Personal information
- Full name: Diogo Filipe Costa Rocha
- Date of birth: 3 May 1995 (age 31)
- Place of birth: Espinho, Portugal
- Height: 1.69 m (5 ft 7 in)
- Position: Winger

Team information
- Current team: Casa Pia
- Number: 10

Youth career
- 2004–2009: Porto
- 2009–2011: Feirense
- 2011–2012: Boavista
- 2012–2014: Benfica

Senior career*
- Years: Team / Apps / (Gls)
- 2014–2015: Benfica B / 4 / (0)
- 2015: → Bolton Wanderers (loan) / 4 / (0)
- 2015–2016: Standard Liège / 2 / (0)
- 2016–2019: Boavista / 51 / (4)
- 2019–2022: Vitória Guimarães / 97 / (14)
- 2022–2024: Sporting CP / 16 / (1)
- 2023–2024: → Al-Markhiya (loan) / 11 / (0)
- 2024: Kasımpaşa / 7 / (0)
- 2024–2026: Famalicão / 23 / (0)
- 2026–: Casa Pia / 0 / (0)

International career
- 2012: Portugal U17 / 1 / (0)
- 2014: Portugal U19 / 5 / (0)

= Rochinha (Portuguese footballer) =

Portuguese footballer (born 1995)

Diogo Filipe Costa Rocha (born 3 May 1995), known as Rochinha, is a Portuguese professional footballer who plays as a winger for Primeira Liga club Casa Pia.

==Club career==
Born in Espinho, Aveiro District of Angolan descent, Rochinha started his youth career with Porto and finished it with Benfica, making five assists and scoring six goals for the latter during the 2013–14 edition of the UEFA Youth League. He made his senior debut with their reserves on 1 October 2014, coming on as a 79th-minute substitute in a 1–1 home draw against Santa Clara in the Segunda Liga.

On 26 January 2015, Benfica announced that Rochinha had been loaned to English club Bolton Wanderers. He first appeared in the Championship on 17 March, starting and being replaced towards the end of the 1–0 away loss to Ipswich Town, for which he earned praise from manager Neil Lennon.

Rochinha signed a three-year contract with Belgian side Standard Liège on 30 July 2015. On 26 December 2016, after several months without a team, he returned to his country and joined Boavista for an undisclosed fee. His first game in the Primeira Liga took place on 4 February 2017 when he played injury time in a 0–0 draw at Chaves, and his first goal came early into the following season in a 2–1 defeat against Portimonense.

On 30 January 2019, Rochinha agreed to a four-and-a-half-year deal at Vitória de Guimarães in the same league. He scored 19 times during his spell at the Estádio D. Afonso Henriques, adding 17 assists in 122 competitive matches.

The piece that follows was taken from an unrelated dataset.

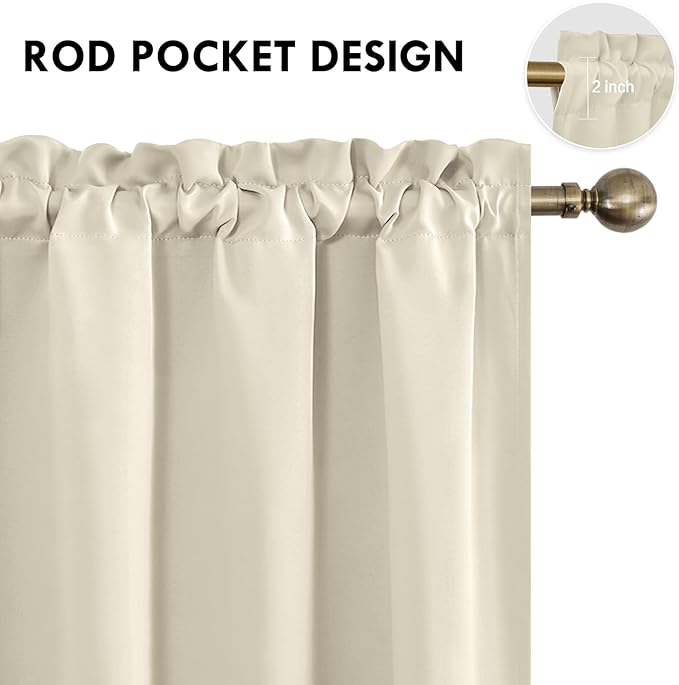 DWCN Blackout Curtains for Bedroom – Rod Pocket Thermal Insulated Noise Reducing Noise Reducing Drapes for Living Room, W 42 x L 54 Inch, 2 Panels, Light Beige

On 6 July 2022, Rochinha joined Sporting CP on a four-year contract for €2 million, with Vitória being entitled to 10% of a future transfer. One year later, he was loaned to Al-Markhiya; the Qatar Stars League club held a €2.5 million buying option at the end of the season.

Rochinha severed his ties to Sporting on 1 February 2024, by mutual agreement. Eight days later, he joined Kasımpaşa in the Turkish Süper Lig.

On 28 June 2024, Rochinha signed a three-year contract with Famalicão. He made 24 scoreless appearances in his debut campaign, but was subsequently completely ostracised by manager Hugo Oliveira.

On 16 July 2026, Rochinha joined fellow top-division Casa Pia on a one-year deal, with the possibility of a one-year extension.

==International career==
Rochinha represented Portugal at under-17 and under-19 levels.